Era un sistema che proteggeva gli uomini dall’ipocrisia morale del tempo, ma che umiliava e sfruttava le donne.

Il mondo dopo la legge Merlin: più libertà ma più rischi

Oggi, con la Legge Merlin ancora in vigore, la situazione è molto diversa:

  • La prostituzione non è illegale ma deve essere esercitata in modo autonomo e privato, senza qualcuno che gestisca le donne coinvolte,, quindi c’è maggiore libertà personale.
  • Nessuno Stato che sfrutta il corpo delle donne: non ci sono più registri ufficiali o controlli sanitari coercitivi.

Ma ci sono anche nuovi problemi:

  • Mancanza di protezione: l’assenza di regolamentazione lascia le donne (e gli uomini) che esercitano la prostituzione più esposte a rischi di violenza e sfruttamento.
  • Crescita della prostituzione di strada che ha portato a nuove problematiche sociali e di sicurezza, oltre che al degrado di alcune aree urbane.
  • Le organizzazioni criminali sfruttano la mancanza di regole chiare per alimentare un traffico disumano e spietato.

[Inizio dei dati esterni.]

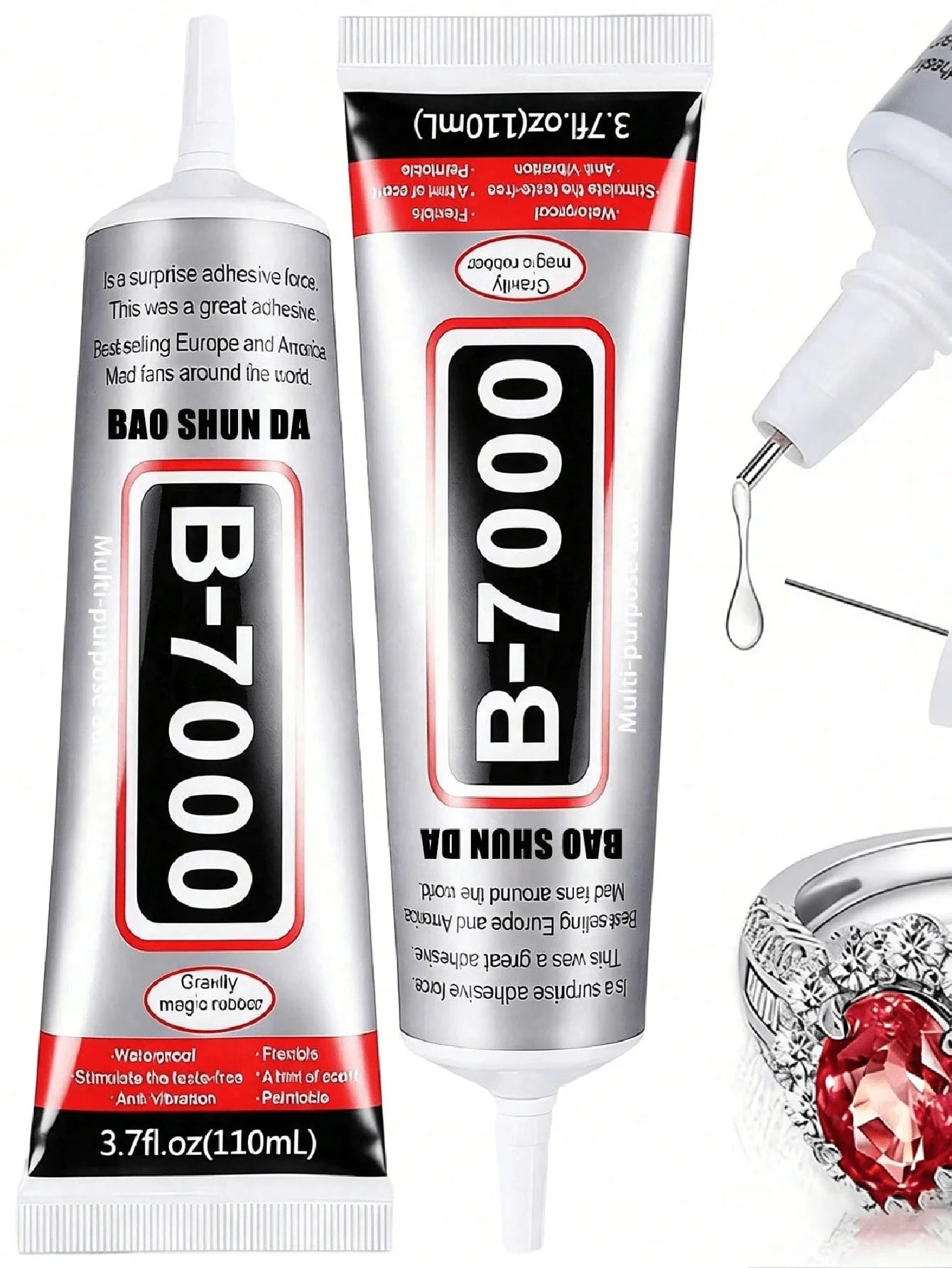 B-7000 Jewelry Glue,Strong Adhesive Bead Glue with Precision Tip,Quick Dry Adhesive for Jewelry Making Clothe Fabric DIY Crafts.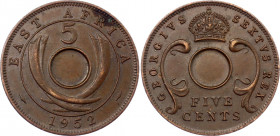 East Africa 5 Cents 1952 Error No Hole
KM# 33; Schön# 33; N# 1228; Copper; Mint Error without Central Piercing; AUNC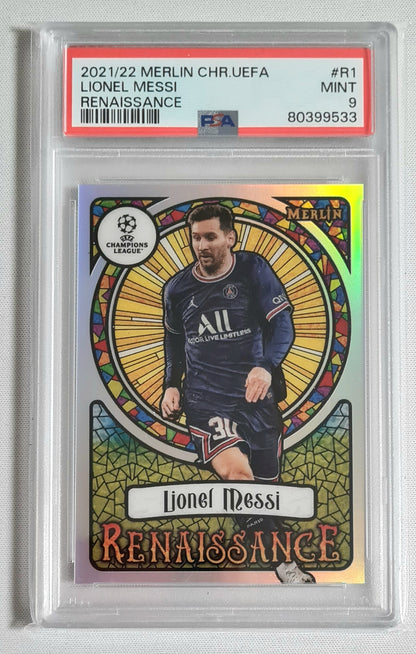 Lionel Messi - 2021/22 Merlin CHR. UEFA Renaissance #R1 PSA 9 MINT Case Hit !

Una questione ancora aperta

Forse la verità sta nel mezzo: né il modello del passato né quello attuale funzionano davvero bene. In altri Paesi, come la Germania o i Paesi Bassi, si è scelto di regolamentare la prostituzione per garantire diritti e sicurezza alle persone coinvolte.
Forse anche in Italia sarebbe utile aprire un dibattito senza pregiudizi, cercando soluzioni nuove, moderne, rispettose della dignità umana e capaci di offrire protezione e sicurezza a chi sceglie, per qualsiasi motivo, di intraprendere questo percorso.

La domanda resta aperta, e forse è giusto che sia così, perché le risposte semplici non bastano mai per questioni così complesse.